Lee, 95, a civil rights activist and retired teacher, became known as the “Grandmother of Juneteenth.” Juneteenth commemorates the anniversary of the announcement by the Union Army on June 19, 1865, proclaiming freedom for enslaved people in Lee’s home state of Texas. Though the Emancipation Proclamation was signed by Abraham Lincoln in 1863 freeing enslaved peoples in the United States, emancipation did not occur until two and a half years later in most of Texas.
Opal Lee visits Colorado Springs for book signing
Lee was moved to petition for Juneteenth to become a federal holiday partly through her own early experiences of racism. As a child, her family’s home was burned to the ground in 1939 by a white community after they moved into a white Fort Worth neighborhood.

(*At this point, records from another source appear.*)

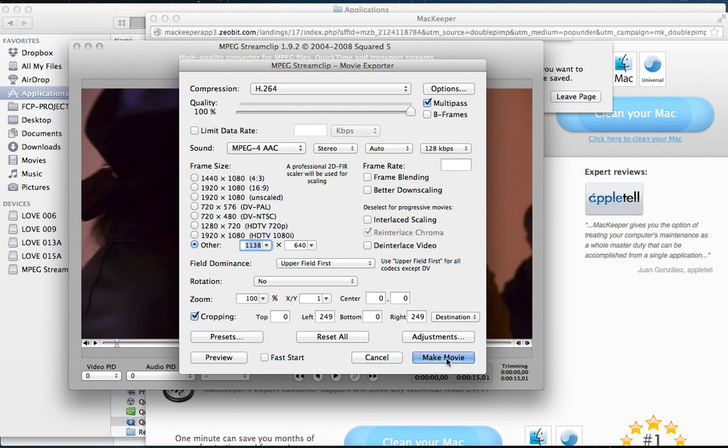And once you've done that, you email it to yourself and save it to your photo reel and then choose it in Instagram and hit Post. There you go.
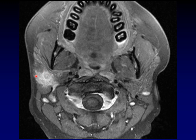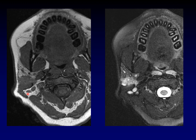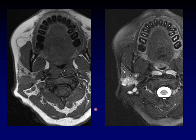Look at how irregular the margins are, with strands of enhancement extending away from the mass. It maybe looks a little more well-defined on the T1-weighted image. The T2-weighted image is bright, which is a little reassuring. A dark T2 would be a bad sign, usually indicating high cellular density for malignancies, but still overall a very concerning appearance.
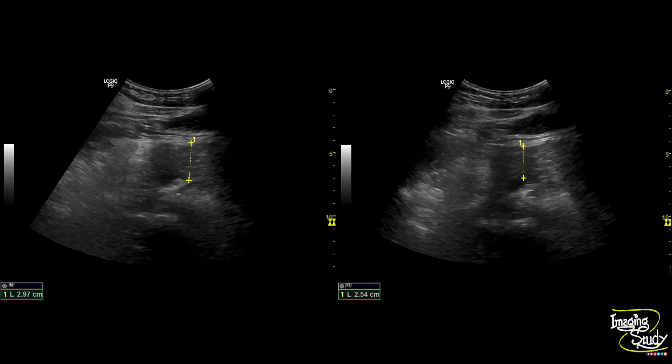Here you can see the measurement, and the pancreas appears broad as the anteroposterior diameter of the body is more than two centimeters.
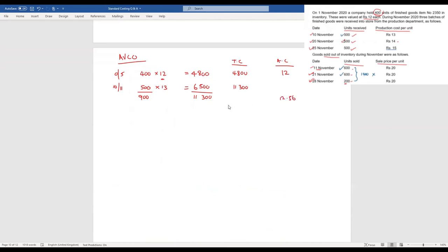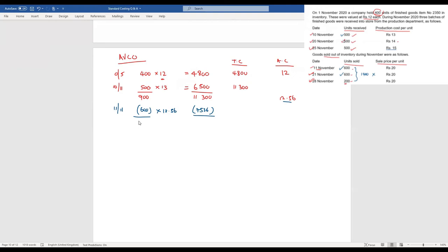On 11th November, we record the sale of 600 units at the current average cost of 12.56, giving a stock issue of 7,536. The remaining balance is 300 units with a total cost of 3,764. Dividing 3,764 by 300 gives an average cost of 12.55.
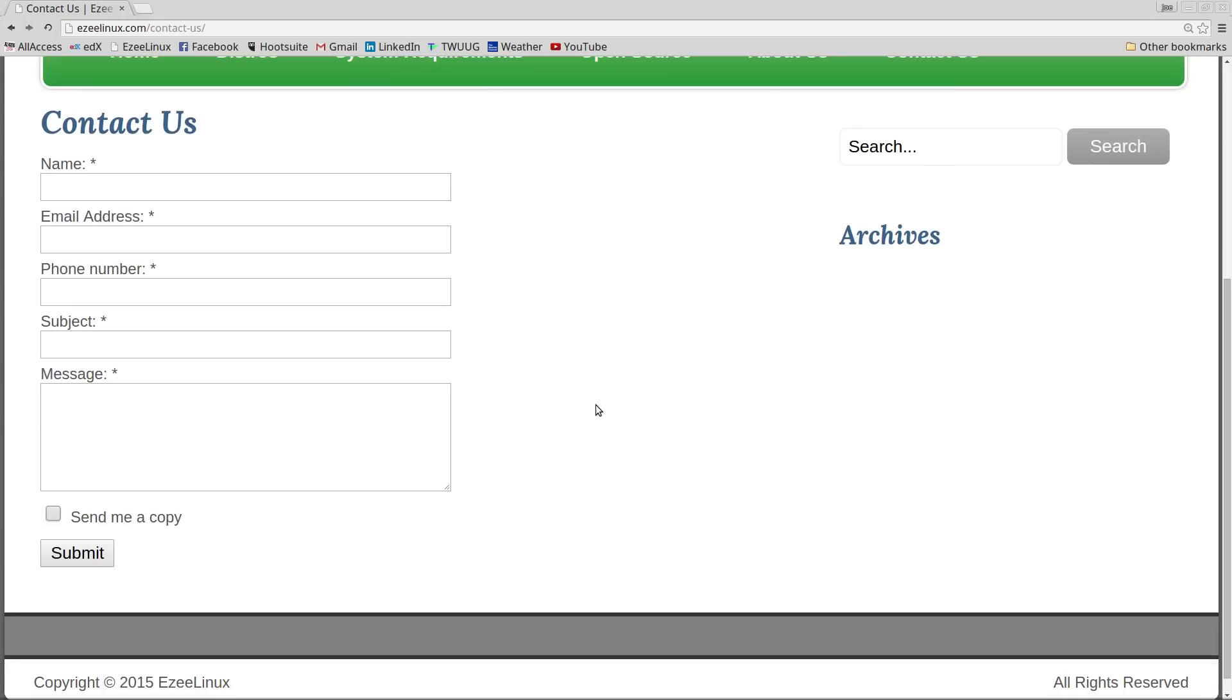The first consultation is absolutely free. We'll talk about Linux and what you want to do with it and what kind of hardware you want to run it on. Then we're going to set up a time where we will get together and I will step you through the process of installing Linux on your machine and configuring it so it'll do what you want it to do.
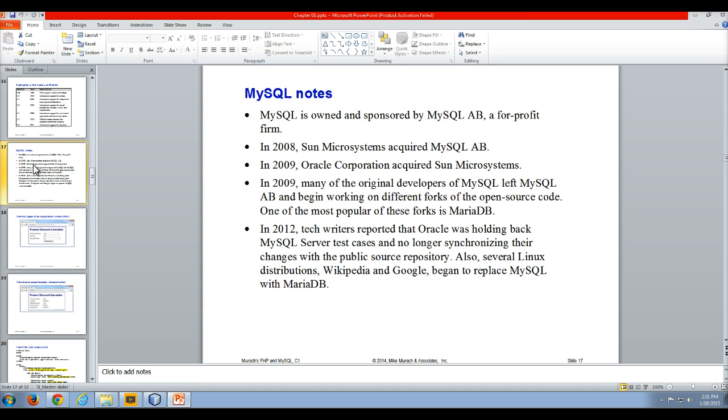So again, just a quick couple of minutes to talk to you about MySQL and its history and how it has a very similar history and age, it's really only 20 years old at this point, to PHP. And that ends that video lecture. Bye.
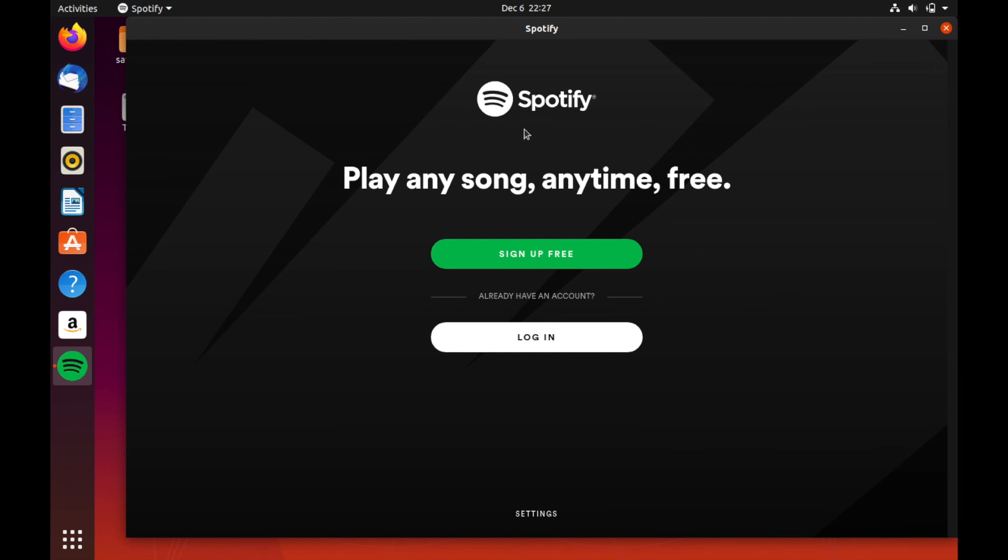And congratulations, at this point you've used Flatpaks successfully. And you can go ahead and search the flathub.org website for many different other applications that you might want to install on your Linux distribution. Well, I hope you enjoyed this Linux talk about Flatpaks. If you have any questions, comments, or suggestions, please post them in the comments section below. Also make sure to subscribe for future videos and like the video. Thanks for watching. See you next time.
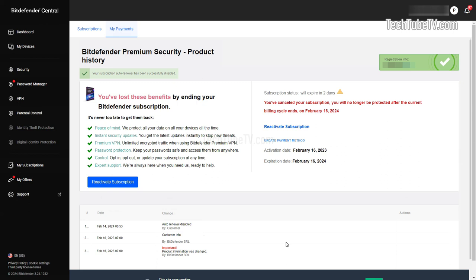Bitdefender Subscription Auto Renewal has now been cancelled and the software's protection will stop working after the expiry date.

“The youngsters need to know what happened,” Lee said, “so that we can heal from it, and make sure it never happens again.”
Lee promoted a Juneteenth holiday for decades by walking two and a half miles at a time throughout the nation to recognize that enslaved people in Texas did not know about their freedom for two and a half years.
“Peggy, I tell you, I was all over these United States,” Lee said. “Shreveport, Texarkana, Little Rock, Fort Smith, Denver, Colorado Springs — right here! — St. Louis, Chicago, Detroit, Philadelphia, the Carolinas, Atlanta ... I was all over the place."
In late July this year, Lee traveled to Colorado Springs from her home state of Texas on invitation from Shivers. Lee was honored at one of Shivers’ renowned musical concert series July 31 in a public program at Colorado College.
The day before, Lee read her new book, “Juneteenth: A Children’s Story,” at a signing at Hooked on Books in Colorado Springs.
“We are so happy for you and all that you’ve accomplished,” Shivers told Lee. “And thank you,” Shivers added. “We really appreciate all you’ve done.”
Shivers vividly remembers seeing Lee on television, proudly accompanying the signing of the Juneteenth National Independence Day Act law on June 17, 2021. “I’ll never forget looking at the TV and seeing you whispering into President Biden’s ear as though you were old buddies,” Shivers recalled.
Lee joked that she will never tell anyone what their conversation was about.
“Listen,” she said. “I need to keep some things to myself.”
“I was humbled,” Lee remembers, “and I still pinch myself to see if it really happened. Being at the White House with the president and the vice president, and all the Congress people — I was overjoyed. I wanted to do a holy dance, but the kids today would say I’m twerking,” added Lee with another giggle.
Originally released in 2019, Lee updated “Juneteenth: A Children’s Story” in 2021 to include the historic establishment of the 12th federal holiday with updated text and illustrations. Lee is also working to establish a National Museum of Juneteenth.
Reflecting on a lifetime of laughter and celebration with an undercurrent of determination, Lee said, “I ask people to make it your responsibility, make it your business, to change someone’s mind so that we can all work on the same page to get rid of the disparities in our country."